Their mercurial nature aside, the squad had the personnel to beat anyone on their day. The redoubtable Imran Khan was probably the only one with the strength of personality required to forge a cohesive unit out of some talented but volatile individuals. Rameez Raja and Aamer Sohail were the opening batsman. Rameez was a dependable and stylish player, particularly strong on the leg side. He scored two centuries, including the highest score of the tournament, an unbeaten 119 against New Zealand at Christchurch..The hot-headed Aamer also scored a century against Zimbabwe at Hobart. Both of them were among the top ten run-getters for the tournament.

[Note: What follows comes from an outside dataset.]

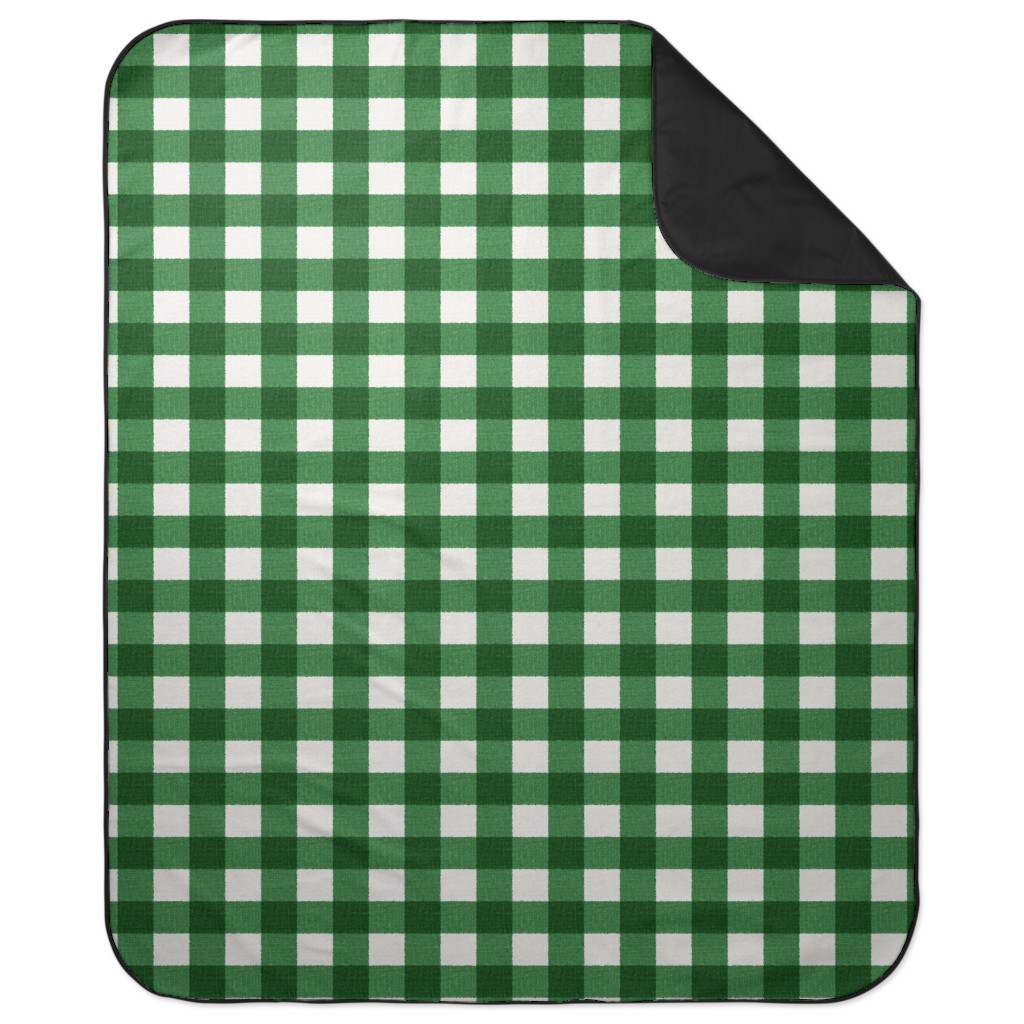 Gingham Linen - Green Picnic Blanket, Green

The middle order consisted of the great streetfighter Javed Miandad, the talented Saleem Malik, a young Ijaz Ahmed who was useful with the bat and brilliant on the field, and an unknown player called Inzamam ul Haq, who served notice of his talent with a 37-ball 60 against New Zealand in the semis to take Pakistan through to the finals.
Imran Khan slotted in at the allrounder's position, but he was good enough with the willow to bat as high as number three, which he did with great success in the semifinal and final, scoring 44 and an unbeaten 72 respectively.
The bowling was possibly the most balanced of the tournament. Wasim Akram and Aaqib Javed provided striking power at the start of the innings. Wasim turned in a man-of-the-match performance in the finals, bowling Allan Lamb and Chris Lewis of England off successive deliveries that swung prodigiously to rattle the stumps. He also equalled the record for the highest wickets taken in a World Cup with 18. Mushtaq Ahmed, the mesmerising leg-spinner, who also played a crucial part in the final with three wickets, was the slow bowler of choice. Imran Khan, who no longer had the pace that made him such a fearsome prospect a few years ago, still had enough experience to keep things tight. Aamir Sohail's part time left arm spin was also good enough for him to support the main bowlers and in some matches, including the final, he even bowled his full quota.
After qualifying for the semis by the skin of their teeth, Pakistan did not look back, and under the lights at the MCG on 25 March, they became World Champions, beating third-time finalists England by 22 runs.